I assume you meant AKV...?!?

Buying a timeshare isn't like buying a condo, there really aren't 'buyer's brokers.' So choosing a timeshare broker is more a matter of seeing who has the inventory you want. My more recent DVC purchase was through The Timeshare Store (http://www.dvc-resales.com) but there are other good brokers out there.

DVC 1BRs and 2BRs villas have kitchens that range from reasonable to quite nice, the functionality of the studio kitchens vary.


----------



## AnnaS (Nov 28, 2016)

While the kids are in school, not much choice - holidays and summers.  We did this for years.  We tried end of June (right after school was over), July once and then almost all of our trips were end of August (last week off before school started).  Definitely hot and humid but we knew that.  It can be done of course as long as you are prepared.  Get out early (rope drop if possible), go back to the resort very early afternoon (before or after your lunch).  Relax, nap, hang out by the pool.   Head back out very late afternoon/early evening.  Lot's of water, hats, sunblock, ponchos, mist fans.  Whatever works.  If you need to stay in the park longer or middle of the day, take short breaks in the stores, restaurants, ac rides, shade, etc.  

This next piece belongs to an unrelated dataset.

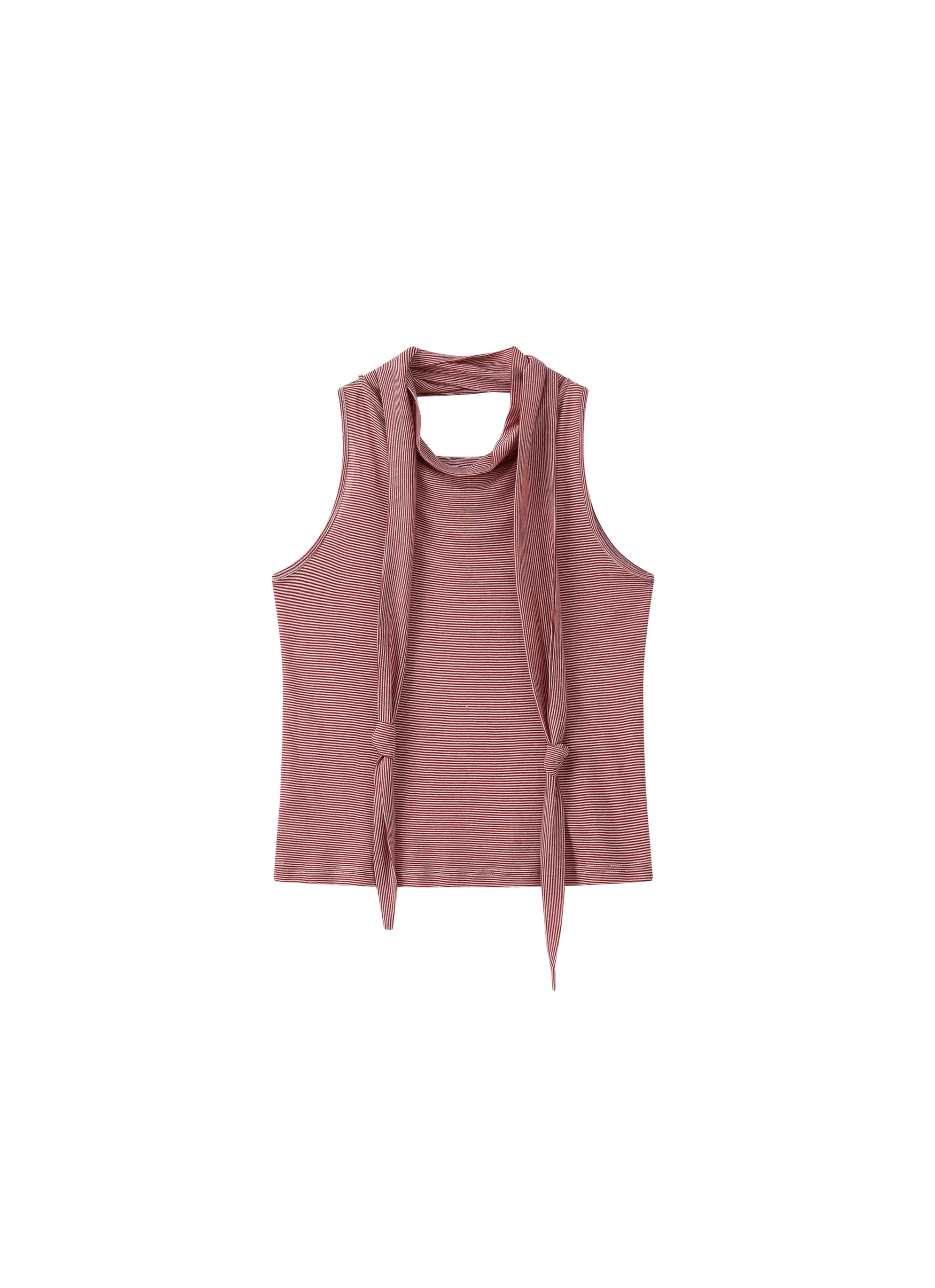 SCARF TIE STRIPE TOP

AKVs is a great resort, if this is where you plan on staying, then buy here.  I would suggest you visit at least once before you buy.  If you have time, take a ride to whichever other resort you are/might be interested in.  Get a feel of the place.  Picking a resort is pretty personal.  Some have no problem with the condo style resort and some prefer the hotel style resort.  

We bought direct many years ago but I would definitely compare direct vs. resale.  If you want to save big bucks and don't mind losing the few "perks" - definitely buy resale.


----------



## capjak (Nov 28, 2016)

I would buy resale first.  Once you are a member you can buy as little as 25 points directly from DVC and get the ticket discounts as well as some others by owning 25 direct and 175 resale.


----------



## Deb & Bill (Nov 29, 2016)

Buy where you don't mind staying if you can't change your reservation at seven months out to a different resort.  Then you won't be disappointed with your stay.  At seven months out, all points are equal and you can book anywhere.  But not everything will be available every time you want to book.

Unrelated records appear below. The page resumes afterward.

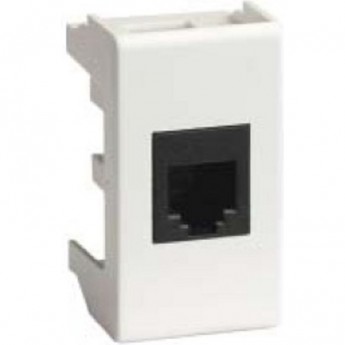 Компьютерная розетка RJ45 DKC VIVA кат.6, 8P8C, белая, 1мод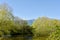 Lake and Olympus mountain in Greece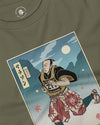 Samurai Marathon Running Ukiyo-e Unisex Long Sleeve Tee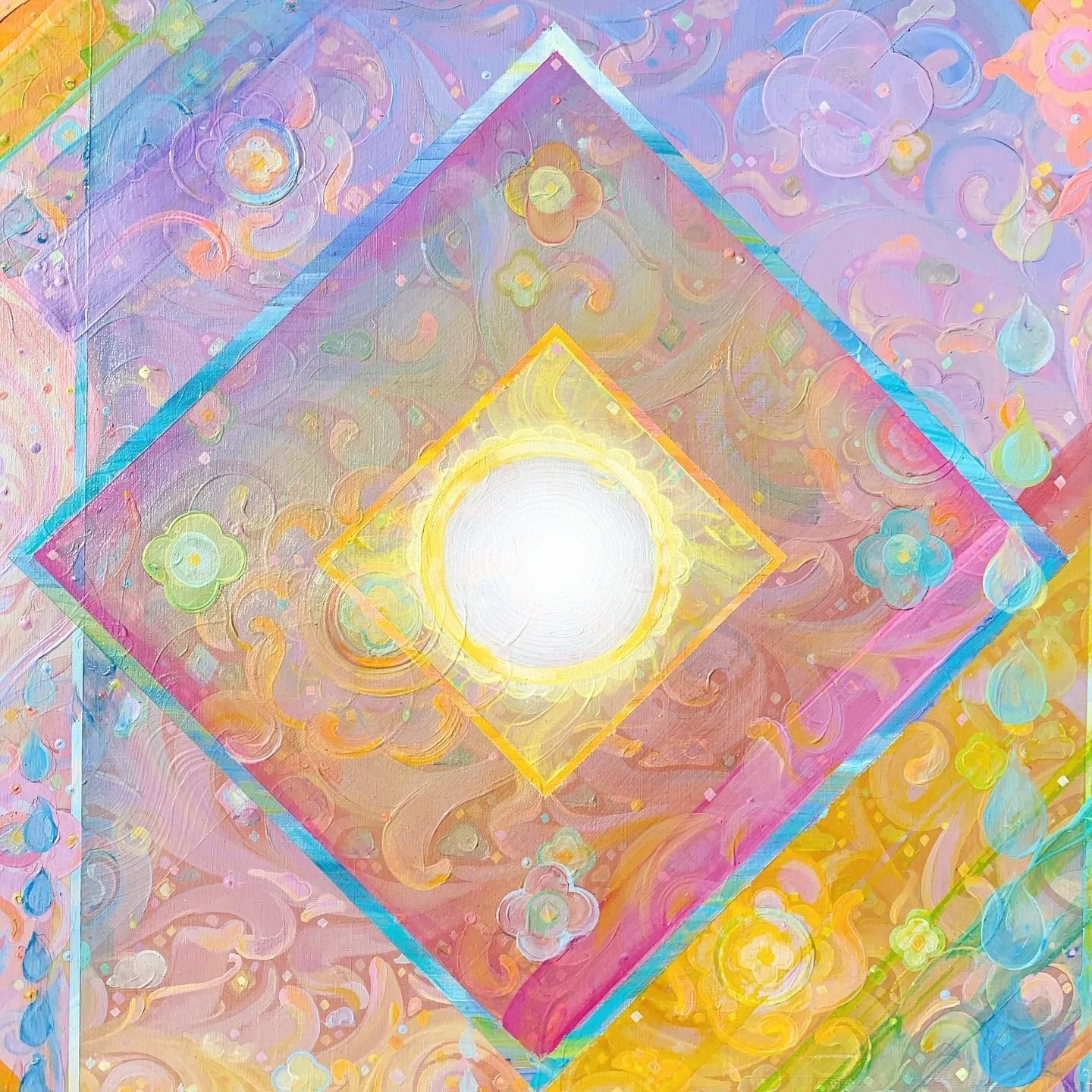  Detail  Acrylic on Wood, 2022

And August is hot, hot, hot.  You'll spend a lot of time at the pool because of the heat.  And August tends to be the month when most hurricanes hit.  So if you fly or drive through any hurricane prone areas, your trip could be delayed.  Hurricanes don't usually affect WDW much (they might shut down for a day or part of a day) but getting there might be a problem.

I agree with capjak.  Buy your bigger resale contract first.  Then DVC will sell you a 25 point contract to match your Use Year (but not your resort if you want 25 points at a different one - but 25 points won't get you much) to get the AP perks.  They usually won't sell you a 25 point contract as a first contract.  But they will as a add-on.


----------